Recorded data:
■ ■ ■
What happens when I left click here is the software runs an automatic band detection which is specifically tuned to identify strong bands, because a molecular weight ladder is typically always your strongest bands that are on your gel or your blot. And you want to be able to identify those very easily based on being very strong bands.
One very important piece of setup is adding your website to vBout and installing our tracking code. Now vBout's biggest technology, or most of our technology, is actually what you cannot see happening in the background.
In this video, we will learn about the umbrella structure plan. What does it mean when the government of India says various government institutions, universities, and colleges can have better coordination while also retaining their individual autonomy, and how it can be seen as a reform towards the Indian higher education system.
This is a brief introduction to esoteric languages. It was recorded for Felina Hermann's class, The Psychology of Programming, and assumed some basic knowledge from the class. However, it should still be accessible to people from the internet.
■ ■ ■
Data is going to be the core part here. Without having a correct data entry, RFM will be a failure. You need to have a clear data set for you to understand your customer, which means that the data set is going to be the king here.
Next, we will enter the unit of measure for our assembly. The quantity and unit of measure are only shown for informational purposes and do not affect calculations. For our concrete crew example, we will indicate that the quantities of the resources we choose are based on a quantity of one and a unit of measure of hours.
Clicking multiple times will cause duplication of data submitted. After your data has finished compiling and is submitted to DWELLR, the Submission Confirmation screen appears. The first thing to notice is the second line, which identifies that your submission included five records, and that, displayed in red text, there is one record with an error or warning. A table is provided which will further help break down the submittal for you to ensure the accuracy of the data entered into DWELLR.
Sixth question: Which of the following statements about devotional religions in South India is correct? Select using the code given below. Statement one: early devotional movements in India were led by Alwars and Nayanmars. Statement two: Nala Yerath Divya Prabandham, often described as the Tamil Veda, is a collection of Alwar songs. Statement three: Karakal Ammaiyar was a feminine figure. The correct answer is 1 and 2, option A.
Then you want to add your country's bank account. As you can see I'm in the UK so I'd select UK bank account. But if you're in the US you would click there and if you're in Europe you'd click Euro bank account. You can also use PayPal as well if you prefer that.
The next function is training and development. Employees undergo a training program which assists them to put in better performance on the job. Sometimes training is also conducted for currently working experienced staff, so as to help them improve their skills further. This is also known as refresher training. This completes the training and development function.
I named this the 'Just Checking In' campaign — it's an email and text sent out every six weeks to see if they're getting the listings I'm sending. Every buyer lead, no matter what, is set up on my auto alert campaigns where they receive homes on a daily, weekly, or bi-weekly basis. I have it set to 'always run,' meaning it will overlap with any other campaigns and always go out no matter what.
■ ■ ■
Task prompt:
Show all lines of the material in which the word "always" can be found.

Written answer:
What happens when I left click here is the software runs an automatic band detection which is specifically tuned to identify strong bands, because a molecular weight ladder is typically always your strongest bands that are on your gel or your blot. And you want to be able to identify those very easily based on being very strong bands.
I named this the 'Just Checking In' campaign — it's an email and text sent out every six weeks to see if they're getting the listings I'm sending. Every buyer lead, no matter what, is set up on my auto alert campaigns where they receive homes on a daily, weekly, or bi-weekly basis. I have it set to 'always run,' meaning it will overlap with any other campaigns and always go out no matter what.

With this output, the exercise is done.